Баратынский утешал в письме Пушкина, говоря, что не следует особо

изумляться, "ежели гусары нас более не читают". Цветаева идет еще дальше и в

стихотворении "Тоска по родине" заявляет:


Не обольщусь и языком

Родным, его призывом млечным.

Мне безразлично - на каком

Непонимаемой быть встречным.


Подобное отношение к вещам неизбежно ведет к сужению круга, что далеко

не всегда означает повышение качества читателя. Литератор, однако, -

демократ по определению, и поэт всегда надеется на некоторую параллельность

процессов, происходящих в его творчестве и в сознании читателя. Но чем

дальше поэт заходит в своем развитии, тем - невольно - выше его требования

к аудитории - и тем аудитория эта - уже. Дело нередко кончается тем, что

читатель становится авторской проекцией, едва ли ни с одним из живых существ

не совпадающей. В таких случаях поэт обращается либо непосредственно к

ангелам, как Рильке в "Дуинезских элегиях", либо к другому поэту - особенно

если тот мертв, - как Цветаева к Рильке. В обоих случаях имеет место

монолог, и в обоих случаях он принимает абсолютный характер, ибо автор

адресует свои слова в небытие, в Хронос.

Для Цветаевой, стих которой отличается почти патологической

потребностью договаривать, додумывать, доводить все вещи до логического

конца, этот адрес был далеко не в новость. Новой - со смертью Рильке -

оказалась его обитаемость, и для поэта в Цветаевой это не могло не

представить интереса. Разумеется, "Новогоднее" - результат конкретного

эмоционального взрыва; но Цветаева - максималист, и вектор ее душевных

движений заранее известен. Тем не менее, назвать Цветаеву поэтом крайностей

нельзя хотя бы потому, что крайность (дедуктивная, эмоциональная,

лингвистическая) - это всего лишь место, где для нее стихотворение

начинается. "Жизнь прожить - не поле перейти" или "Одиссей возвратился,

пространством и временем полный" у Цветаевой никогда бы концовками не

оказались: стихотворение начиналось бы с этих строк. Цветаева - поэт

крайностей только в том смысле, что "крайность" для нее не столько конец

познанного мира, сколько начало непознаваемого. Технология намека, обиняков,

недоговоренностей, умалчивания свойственна этому поэту в чрезвычайно малой

степени. Еще менее присуще ей употребление обеспечивающих читателю

психический комфорт высших достижений гармонической школы с их убаюкивающим

метрическим рисунком. Перенасыщенный ударениями, гармонически цветаевский

стих непредсказуем; она тяготеет более к хореям и к дактилям, нежели к

определенности ямба, начала ее строк скорее трохеические, нежели ударные,

окончания - причитающие, дактилические. Трудно найти другого поэта, столь

же мастерски и избыточно пользовавшегося цезурой и усечением стоп. Формально

Цветаева значительно интересней всех своих современников, включая

футуристов, и ее рифмовка изобретательней пастернаковской. Наиболее ценно,

однако, что ее технические достижения продиктованы не формальными поисками,

но являются побочным - то есть естественным - продуктом речи, для которой

важнее всего ее предмет.

Искусство и вообще всегда возникает в результате действия,

направленного вовне, в сторону, на достижение (постижение) объекта,

непосредственно отношения к искусству не имеющего. Оно - средство

передвижения, ландшафт, мелькающий в окне - а не передвижения этого цель.

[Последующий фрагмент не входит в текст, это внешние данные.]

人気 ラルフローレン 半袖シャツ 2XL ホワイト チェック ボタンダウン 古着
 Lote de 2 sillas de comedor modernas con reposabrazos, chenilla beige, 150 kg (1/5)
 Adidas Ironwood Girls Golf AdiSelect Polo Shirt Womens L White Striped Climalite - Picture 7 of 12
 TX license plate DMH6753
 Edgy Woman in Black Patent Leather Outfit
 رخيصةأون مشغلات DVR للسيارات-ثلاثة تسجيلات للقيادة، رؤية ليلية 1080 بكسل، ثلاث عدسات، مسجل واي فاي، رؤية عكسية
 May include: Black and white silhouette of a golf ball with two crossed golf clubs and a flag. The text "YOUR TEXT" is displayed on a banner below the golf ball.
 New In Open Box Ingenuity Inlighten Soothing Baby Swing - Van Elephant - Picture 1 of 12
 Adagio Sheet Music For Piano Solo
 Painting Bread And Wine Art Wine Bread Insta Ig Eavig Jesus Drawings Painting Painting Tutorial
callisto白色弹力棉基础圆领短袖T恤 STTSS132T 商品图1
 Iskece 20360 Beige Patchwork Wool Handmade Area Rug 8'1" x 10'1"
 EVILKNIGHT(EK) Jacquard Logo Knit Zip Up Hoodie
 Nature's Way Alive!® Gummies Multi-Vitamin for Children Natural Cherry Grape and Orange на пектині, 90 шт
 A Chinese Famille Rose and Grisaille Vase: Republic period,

"Когда б вы знали, из какого сора, - говорит Ахматова, - растут стихи...".

Чем больше цель движения удалена, тем искусство вероятней; и, теоретически,

смерть (любая, и великого поэта в особенности - ибо что же может быть

удалено от ежедневной реальности более, чем великий поэт или великая поэзия)

оборачивается своего рода гарантией искусства.